Voyons donc s’il ne serait pas possible d’aborder la mécanique en laissant de côté ce sentiment de la durée mesurable, quitte à le reconstituer plus tard sur des bases vraiment scientifiques.

III. Des propriétés de la rotation terrestre.

Ainsi que nous venons de le voir, le sentiment de la durée mesurable se rattache à la rotation de la terre ; une rotation complète représente un jour ; la vingt-quatrième partie de cette rotation représente une heure ; enfin les minutes et les secondes sont encore des subdivisions de cette rotation : la durée d’un mouvement est dès lors la mesure de l’angle dont tourne la terre pendant que ce mouvement s’effectue ; de sorte qu’évaluer la durée des divers mouvements, c’est comparer tous ces mouvements à la rotation de la terre. Si maintenant nous nous affranchissons du point de vue particulier qui a été adopté jusqu’ici, nous pourrons dire, d’une façon générale : mesurer la durée des mouvements c’est les comparer à un seul d’entre eux, considéré en quelque sorte comme mouvement unité. Le problème est ainsi posé d’une façon vraiment scientifique, car il est aussi logique de comparer tous les mouvements à un d’entre eux que de comparer en géométrie toutes les grandeurs de même espèce à une seule d’entre elles prise pour unité. Le mouvement unité nous présentera une grandeur variable, une longueur s’il s’agit d’un point décrivant une trajectoire, un angle s’il s’agit d’un corps en rotation, et c’est cette grandeur variable qui sera la mesure du temps.

Mais, nous dira-t-on, ce mouvement unité est-il donc absolument arbitraire ? C’est l’étude de la mécanique qui nous l’apprendra, mais au début nous n’en savons rien. En réalité, les faits astronomiques que nous allons étudier ne dépendent en rien, quant au fond, du choix de ce mouvement unité ; exprimer ces faits à l’aide de tel ou tel mouvement unité, c’est raconter les mêmes événements dans des langues différentes, mais le choix de cette langue est important au point de vue de la simplicité et de la concision.

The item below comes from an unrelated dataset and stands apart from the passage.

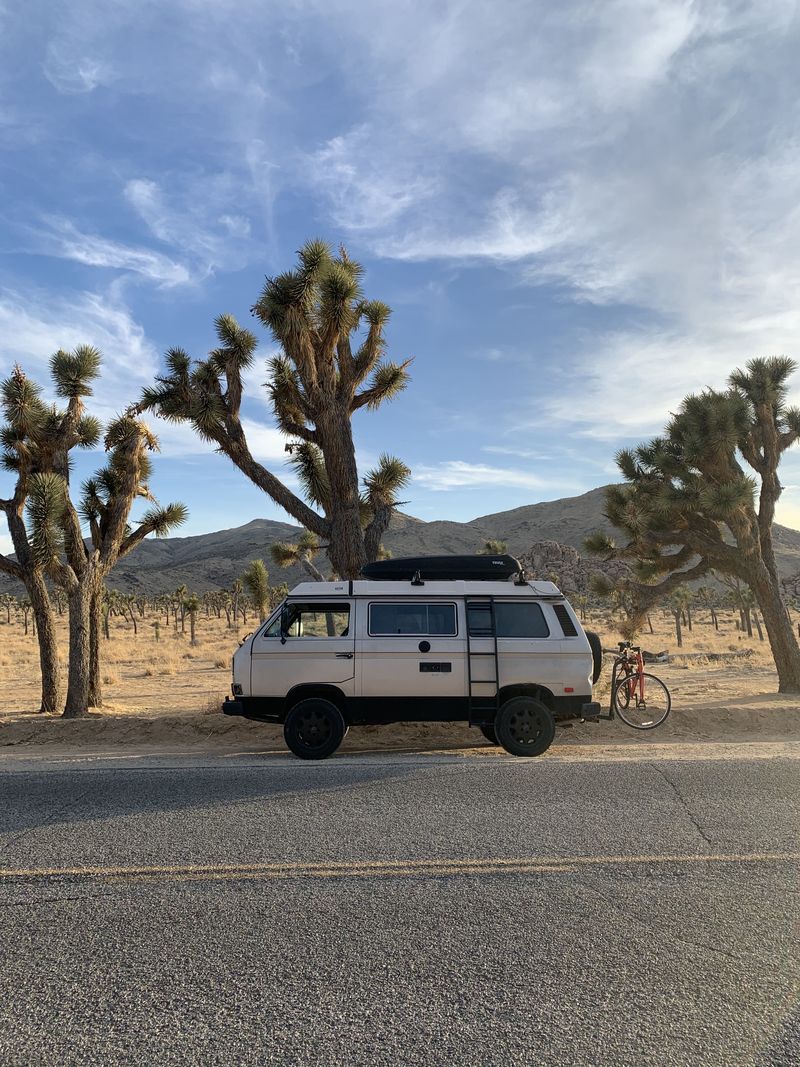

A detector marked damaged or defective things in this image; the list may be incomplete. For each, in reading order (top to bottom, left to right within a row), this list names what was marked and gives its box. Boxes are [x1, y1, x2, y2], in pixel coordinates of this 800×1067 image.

road crack [648, 763, 716, 845]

Nous acceptons donc au début de la mécanique cette indétermination absolue du mouvement unité et nous ne sortirons de cette indétermination que si nous sommes amenés à le faire pour donner à nos formules, à nos théorèmes, une forme plus simple et plus remarquable.

Nous allons examiner très succinctement à ce point de vue les notions premières de la mécanique.

Quand un point M décrit une courbe S, un élément très court de sa trajectoire peut être considéré comme rectiligne, et c’est cet élément rectiligne, indéfiniment prolongé sur une ligne droite MT, qu’on appelle la tangente à la courbe ; cette tangente MT est, par définition, la direction de la vitesse du mobile M ; quant à la grandeur MV de cette vitesse, c’est le rapport du déplacement très petit du mobile à la durée de ce déplacement. La vitesse est le type de ce qu’on peut appeler en mécanique les grandeurs dirigées.

La durée d’un déplacement dépendant du mouvement unité qu’on choisit, il en est de même de la vitesse, ou plutôt de la grandeur de la vitesse, puisque sa direction est toujours la tangente à la trajectoire. De là ce principe fondamental :

Lorsqu’on change de mouvement unité, la vitesse d’un mobile conserve sa direction, mais cette vitesse est modifiée comme grandeur.

Une autre grandeur dirigée qui joue en mécanique un rôle très important, c’est l’accélération du mobile.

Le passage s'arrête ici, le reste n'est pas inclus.